The last couple of years have seen a huge emphasis put on voice control interfaces. From Apple’s Siri to Google Now and the upcoming Google Glass project it seems that the future is definitely going to be a louder one. There’s no doubt that as these technologies mature they will become a central part of our interaction with devices, but they still have a fair way to go in terms of accuracy. Siri can be a frustrating device to use, especially if you have a heavy accent or even a cold. The anguish that the system can induce is wonderfully highlighted in the NSFW Youtube video ‘Apple Scotland – iPhone commercial for Siri’, which features a scotsman trying in vain to ask Siri for eating advice. The main challenge for the voice deciphering code is that it has to contend with many different factors while interpreting a user’s input. One company that has been working on overcoming these challenges on the desktop are Nuance, whose Dragon Dictate software is one of the most advanced in the industry. I spoke with them recently to discover just what it takes to write a voice interface that we can actually use.
‘Speech recognition is an extraordinarily hard computational problem’ explains Nuance’s Neil Grant. ‘Effectively you’ve got an astronomical search space. An example would be if you had a seventeen word phrase – which is an average length sentence – within a fifty thousand word vocabulary. It’s the equivalent of finding the correct phrase out of seven point six times ten to the seventy nine possibility. Roughly the amount of atoms in the observable universe. Now to put that into context when Google does a search to find a webpage for you, it’s searching somewhere around one times ten to the twelve web pages, so significantly less.
‘If you’re typing something on a keyboard it’s very simple, it’s binary – you either hit the keystroke or you don’t. With speech there’s far more variability in terms of accents, tonality, environmental conditions, background noise, and microphone quality. One of the ways we tighten that with the desktop speech recognition is that a user has a profile attached to them so the computer understands the nuances of the way they speak. The software can apply this data to achieve higher levels of accuracy, and the more you use it and make corrections, the more it learns and then applies those learnings to your profile.’
This dedicated usage is a significant factor that gives Nuance software its famed levels of accuracy. It also highlights one of the challenges ahead for the mobile software that many of us currently use.
‘Something like Siri is effectively speaker independent speech recognition’ says Neil. ‘ Now that means it’s not training a profile for you, certainly not in any great depth. You might use it on your phone then another family member might use it, so it’s dealing with potentially multiple speakers from the same device. It’s a much harder process and means it can’t set itself up in advance for a particular accent.’

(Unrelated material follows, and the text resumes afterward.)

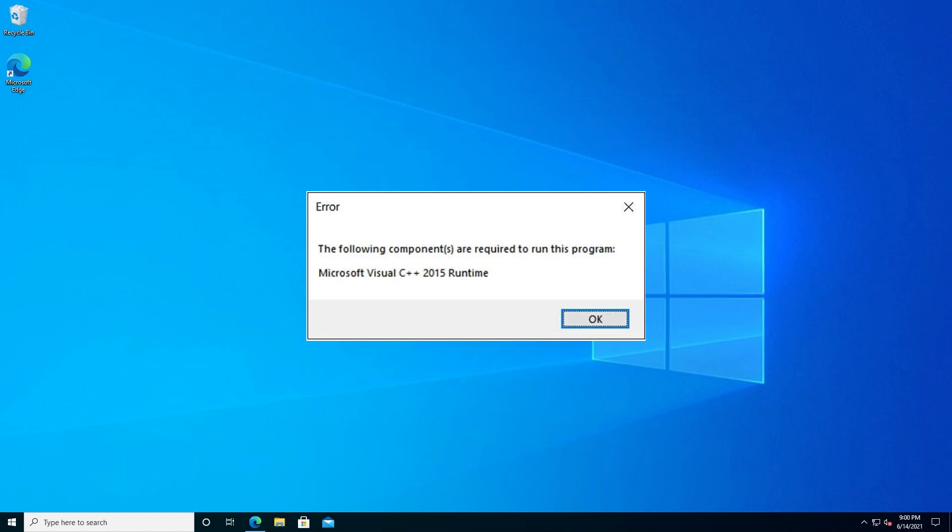Doesn't matter what program you're running. If it requires this runtime, you'll have to install it for the program to work properly, or you'll have to reinstall if you already have one installed. Maybe you installed it a while back and it's not updated.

Advances in noise cancelling microphones and the continued refinement of voice control software is seeing rapid improvements in all areas of the technology. Nuance itself offers iPad and iPhone versions of their software now, and the continued updates to Siri and Google Voice Search will no doubt push the software even further in the years ahead. Manufacturers are also beginning to incorporate the technology into newer versions of laptops in response to the ever encroaching influence of tablets.
‘One of the key specifications set by Intel on the new ultrabooks is embedded speech recognition’ says Neil. ‘So this is something that is absolutely coming through and what we will see is speech on these devices becoming more and more ubiquitous.’

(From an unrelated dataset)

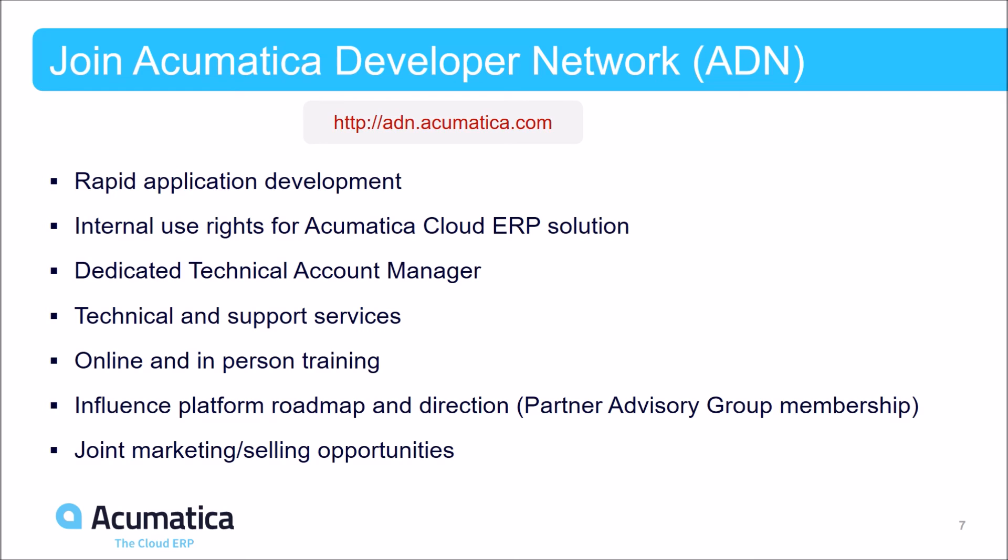Some of the benefits of joining: the use of rapid development tools of our platform, you'll get to use our software internally, we offer a dedicated technical account manager, you'll have access to technical support services, also online and in-person training, you'll be able to influence our platform roadmap and direction as part of our partner advisory group, and you can take advantage of our joint marketing and selling opportunities.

One of the eye catching elements of Siri that Apple aggressively markets is the system wide integration of commands. Rather than a stand-alone app, Siri is able to control calendar entries, send emails, tweets, update Facebook, and play specific music to you, all from the same interface. For voice control to really make an impact on the everyday computers it needs to offer a similar level of depth.

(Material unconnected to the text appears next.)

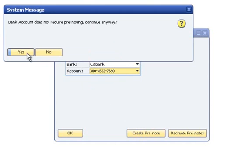If the pre-note required option was not selected during the bank setup process for the account being used, the user will be prompted and asked if they want to continue generating the file.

‘We can get very very deep’ Neil continues. ‘not only dictation capabilities but real command and control of applications like MS Office. For example a chap called Stuart Mangan, a rugby player, was involved in a tackle and broke his neck leaving him paralysed from the neck down. We effectively voice enabled his entire PC, to give him not only his email and documents but, through Nokia PC Suite, he was able text messages and make phone calls. He came back to us saying that we’d given him his independence and privacy back.’
The concept of voice control has been a staple of science fiction for decades, and the representation of communicable computers such as HAL in 2001: A Space Odyssey, or even Holly from Red Dwarf, has been a constant reminder of the convenience and ease with which the interface could work – so long as the computer in question will acquiesce to opening the pod bay doors when you ask. There’s no doubt that this kind of interface is now more of a possibility, but as the way we interact with our technology changes what impact will this have on the systems of the future?
‘A mouse and a keyboard are not a natural way of interfacing with something’ states Neil. ‘They’re a solution to a problem, and they’ve been a very successful solution, but the keyboard layout was designed to slow us down. Stephen Fry came out with a very good quote a couple of years ago where he stated it took less time to get your private pilots license than it did to learn to type at sixty words per minute. So we’ve got these interfaces we’re stuck with at the moment – the keyboard and the mouse – which are fine for certain things but for others there are certainly improvements that can be made. You’re starting to see prototypes coming through, the Google Glass project for one, looking at ultra-mobility – wearable computing – and there is a necessity to change the interface. As your devices become more and more mobile you’re not going to be able to carry a keyboard around. Obviously voice is the natural step for that.’